Il film d'esordio dell'iraniano Hossein Keshaverz cerca di far cadere i luoghi comuni sull'Iran raccontando i drammi di sei giovani in conflitto con i genitori e la tradizione

Hossein Keshavarz debutta alla regia con Dog Sweat, in concorso al Festival del Cinema di Roma. Le storie di sei giovani iraniani in conflitto con se stessi e con una nazione che, sotto il regime attuale, nega loro ogni libertà di espressione culturale diversa da quella ufficiale. Tra il mondo occidentale e l’Iran c’è un muro che Hossein Keshavarz intende abbattere con il suo film, girato clandestinamente per sfuggire ai controlli della censura:  se le uniche immagini che vengono pubblicate dai media nazionali sono quelle di un popolo <<di pii credenti>> (per usare le parole del regista), anche dall’esterno è difficile capire quali siano i reali problemi che le persone affrontano. <<Non è il velo la maggior preoccupazione delle donne, ma essere libere di andare all’università, ad esempio>>. L’urgenza di comunicare al mondo cosa c’è dietro quel muro è alla base di Dog Sweat. Non solo drammi, ma soprattutto la vitalità di una generazione che tenta di vivere la propria vita in maniera normale, che pensa al sesso e si diverte come nel resto del mondo. E’ chiara l’intenzione del regista di stupire attraverso la normalità e stravolgere i luoghi comuni alimentati dai media sull’Iran, mostrando al resto del mondo che dietro il regime ci sono persone che vivono  le stesse vicende umane che viviamo noi in occidente: conflitti generazionali, pene d’amore, difficoltà di realizzazione, lutti, tradimenti.  Quello che è diverso, è evidente, è il senso di frustrazione che pervade i giovani davanti all’impossibilità di cambiare la propria strada, il senso di abbandono e lo sconforto che nè la religione nè lo stato riescono più ad offrire ad una generazione che vive guardando (forse troppo) ad occidente.

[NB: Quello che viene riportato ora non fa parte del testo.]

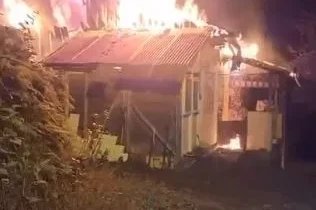 Borçka’da gece çıkan yangında ev kullanılamaz hale geldi
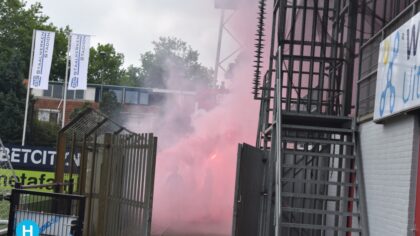 Sfeeractie supporters Helmond Sport bij laatste training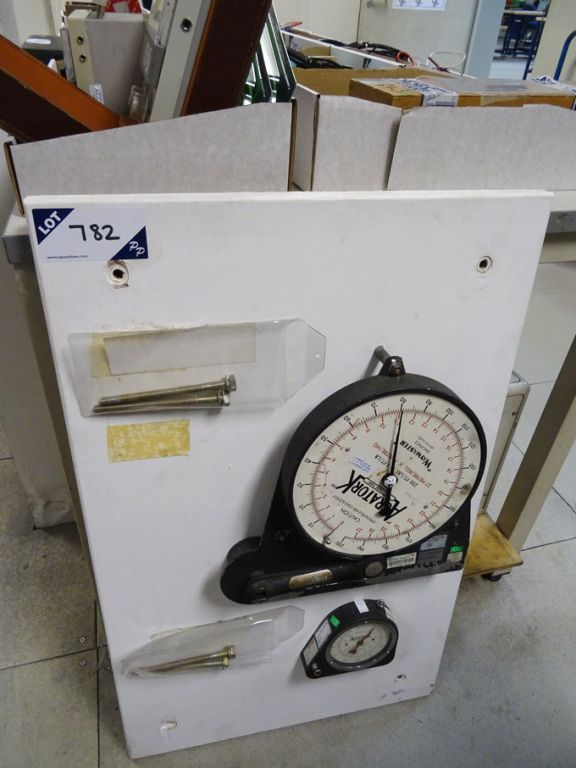 2x Acratork torque setting gauges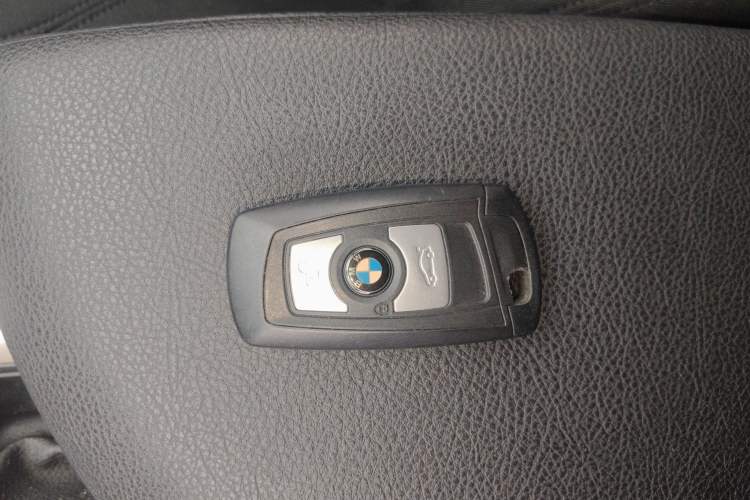 Used BMW 1 Series 2015 120i Leading Model Vehicle Key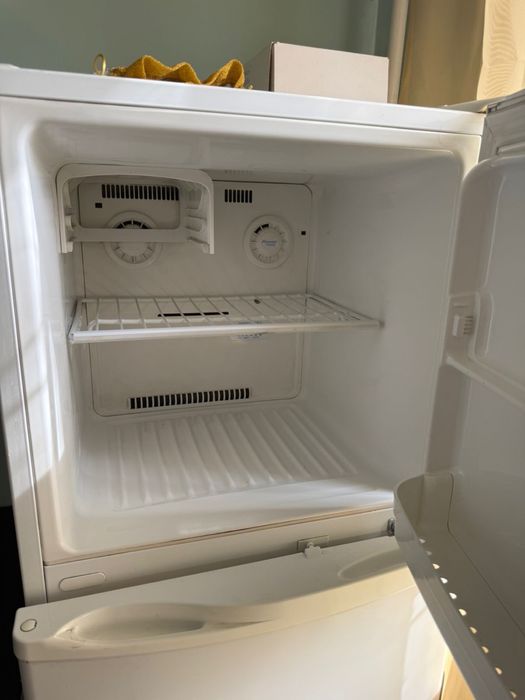 Холодильник отдам даром, на запчасти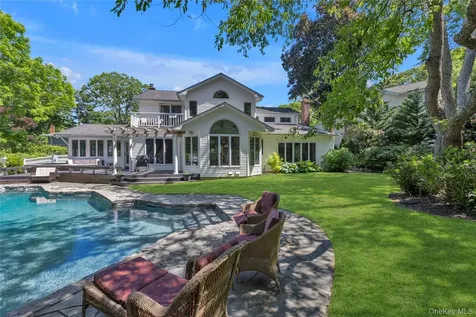 21 Martha Court Centerport NY 11721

La gioventù iraniana si sta rendendo conto che fuori dai confini del paese si vive meglio,  che, almeno, si può scegliere. Non possono comunicare questo disagio ai loro genitori,  ma non sono in grado di scegliere liberamente del proprio destino: emblematica è in tal senso la storia della ragazza che vuole fare la cantante mentre la madre pensa che la felicità sia solo nella famiglia. Non c’è possibilità di dialogo, l’unica alternativa a combattere è arrendersi alle convenzioni sociali, accettare il matrimonio pur di liberarsi del controllo dei genitori e in questo modo cominciare a morire dentro.

Lo stile fin troppo asciutto, quasi brutale, scelto da Keshaverz riflette l’urgenza sociale più che quella artistica a scapito della godibilitù del film, ma la scelta di lasciare sostanzialmente in sospeso tutte le vicende, indipendentemente dalla piega che sembrano prendere, comunica al pubblico che il problema è ancora irrisolto e  il muro è ancora in piedi.